The model is fitting the data very well. 95% of the variation in the observed values is explained by our model. We also observe that all of the estimates are significant at the .05 significance level
We will now check the diagnostics of the residials to check if this model meets the model assumptions.
par(mfrow=c(2,2)) # Dividing the plotting page into 4 panels
plot(reg1$fitted, reg1$residuals,main="Residuals vs Fitted", xlab = "Fitted", ylab = "Residuals") # plot of fitted values vs residuals
qqnorm(reg1$residuals) #qq-plot of residuals
qqline(reg1$residuals,col="blue") # plotting the line, along which the dots in qq-plot should lie
plot(reg1$residuals,main = "Residuals vs Time", ylab = "Residuals") # plotting the residuals vs time
abline(h=0,lty=2,col ="blue") # plotting a horizontal line at 0
acf(reg1$residuals,main="ACF plot of Residuals")#sample acf plot of residuals
shapiro.test(reg1$residuals)
##
## Shapiro-Wilk normality test
##
## data: reg1$residuals
## W = 0.9899, p-value = 0.3871
The p-value in excess of 0.05 for the Shapiro-Wilk normality test supports the null hypothesis of normal distribution of residuals. We come to the same conclusion by noticing that the qq-plot displays a straight line. No pattern is apparent on the plot of residuals against the predicted values, or the risiduals over time. Therefore, we consider the model adequate.

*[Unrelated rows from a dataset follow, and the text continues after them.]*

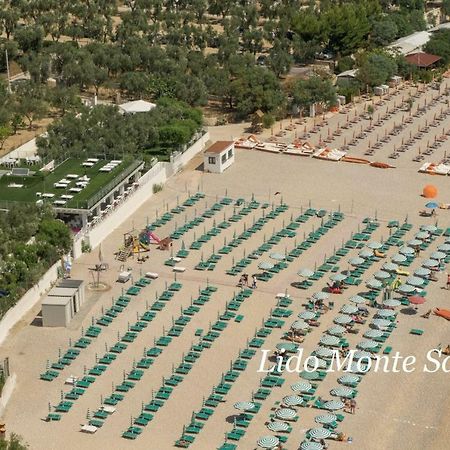 Holiday Lodge Al Porto Mattinata Luaran gambar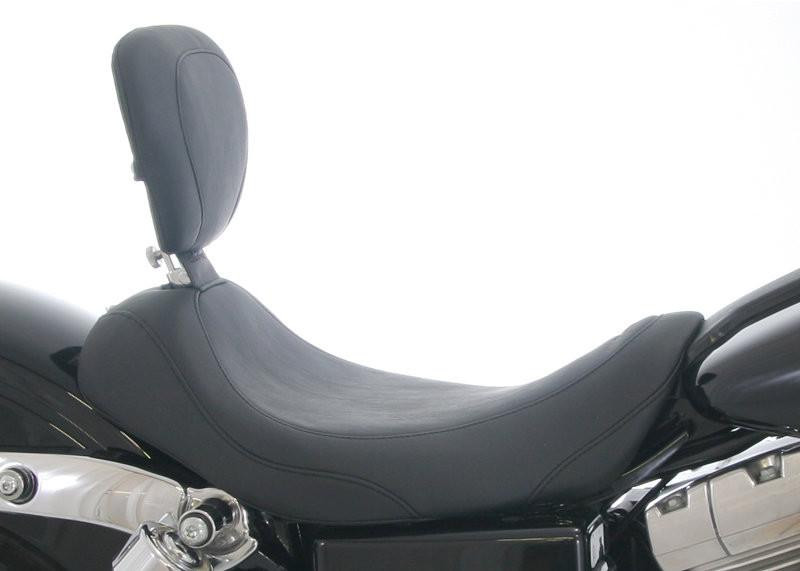 Mustang Wide Tripper Solo w/ Driver Backrest for '06-17 Dyna/Wide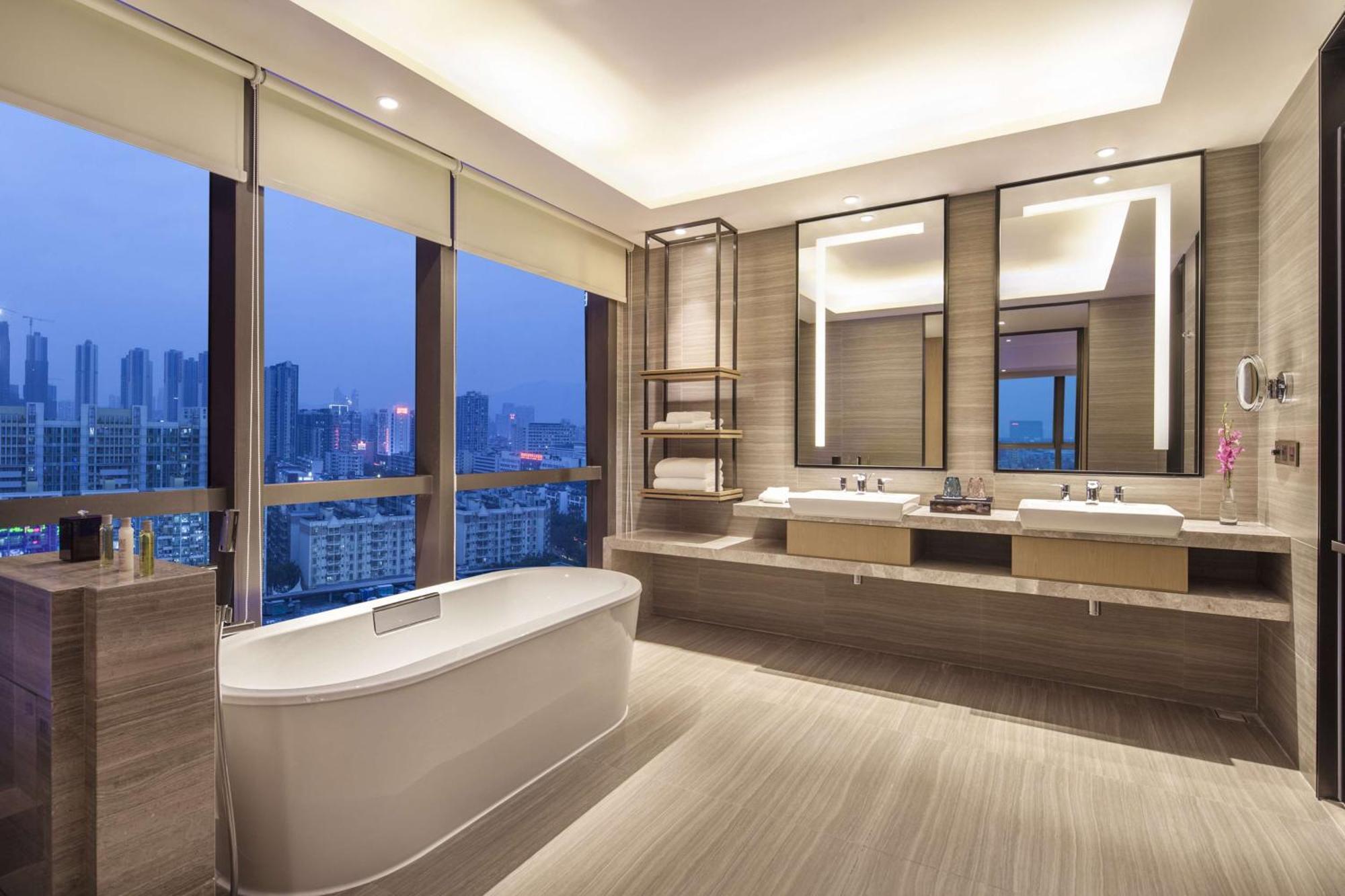 Doubletree By Hilton Hotel Shenzhen Longhua, Near Huawei, Foxcnn, Shenzhen North Railway, Uniwalk & Uniworld Shopping Mall, Sam'S Club Kültér fotó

In the ACF plot we notice that the residuals do not contain the seasonality, as we have succesfully captured this in the model. However the residials are still showing correlation over time, at lag 1-4.
The second model clearly fits the observed data better as it accounts for both the trend and seasonal nature of the data. It has a higher \(R^2\), and all the predictors are significant.

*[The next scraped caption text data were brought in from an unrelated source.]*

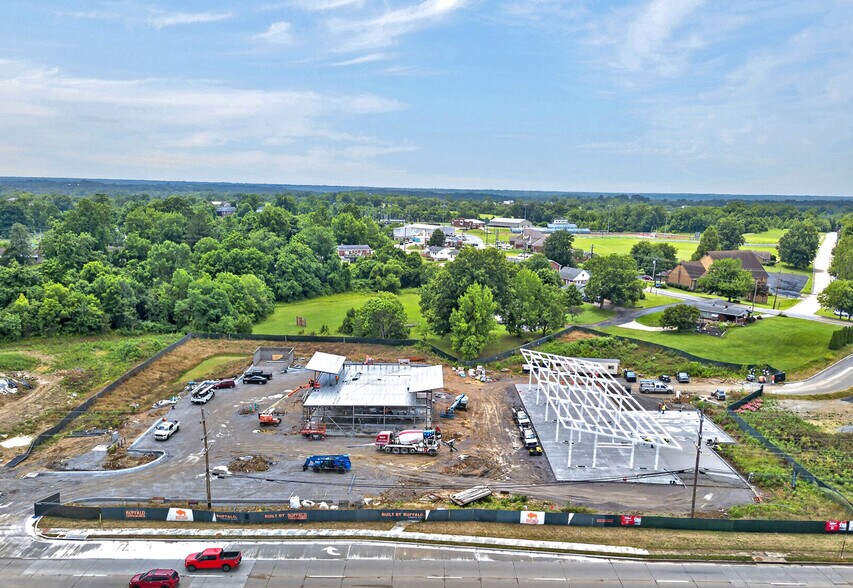 More Photos Of 8221 Alexandria Pike, Alexandria Convenience Store For Sale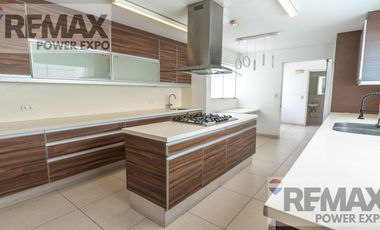 VENTA  DUPLEX CHACARILLA Y CASA EN CHACARILLA SAN BORJA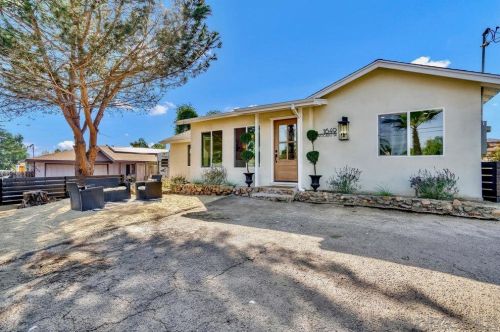 1649 Avocado Dr, Vista, CA 92083-7667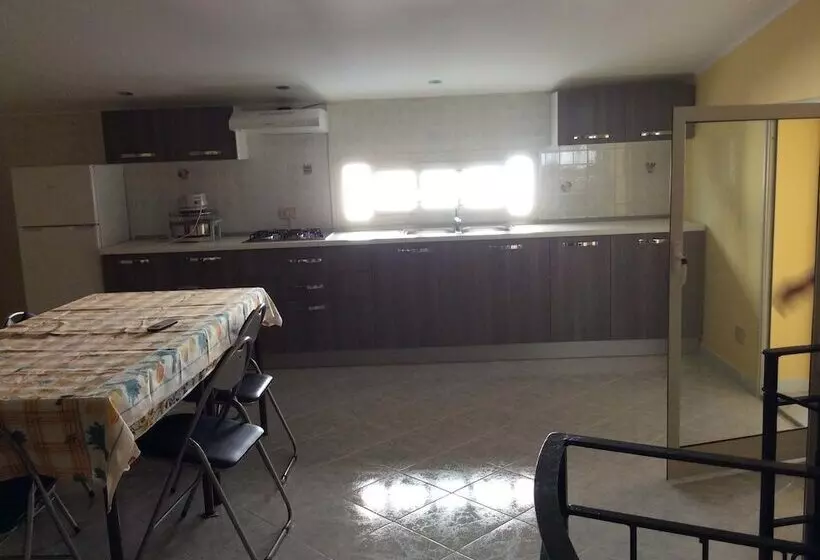 پانسیون Case Corona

Neither of the models satisfy all of the fundemental assumptions of least squares regression as the error terms were correlated with the past error terms.
t.new <- seq(2011,2012,length=13)[1:12] # Intoducing new time for forecatsting
t2.new <- t.new^2
month.new <- factor(rep(1:12)) # Introducing the seasonal value for forecasting
new <- data.frame(t=t.new, t2=t2.new, month=month.new) # Putting the values for forecasting into a dataframe
pred <- predict.lm(reg1,new,interval='prediction') # Computing the prediction as well as prediction interval
par(mfrow=c(1,1))
plot(sales,xlim=c(1999,2012),ylim=c(0,60),main = "2011 Forecast") #plotting the data
abline(v=2011,col='blue',lty=2) # adding a vertical line at the point where prediction starts
lines(pred[,1]~t.new,type='l',col='red')# plotting the predict
lines(pred[,2]~t.new,col='green') # plotting lower limit of the prediction interval
lines(pred[,3]~t.new,col='green') # plotting upper limit of the prediction interval
We can see the predictions and corresponding 95% prediction intervals above.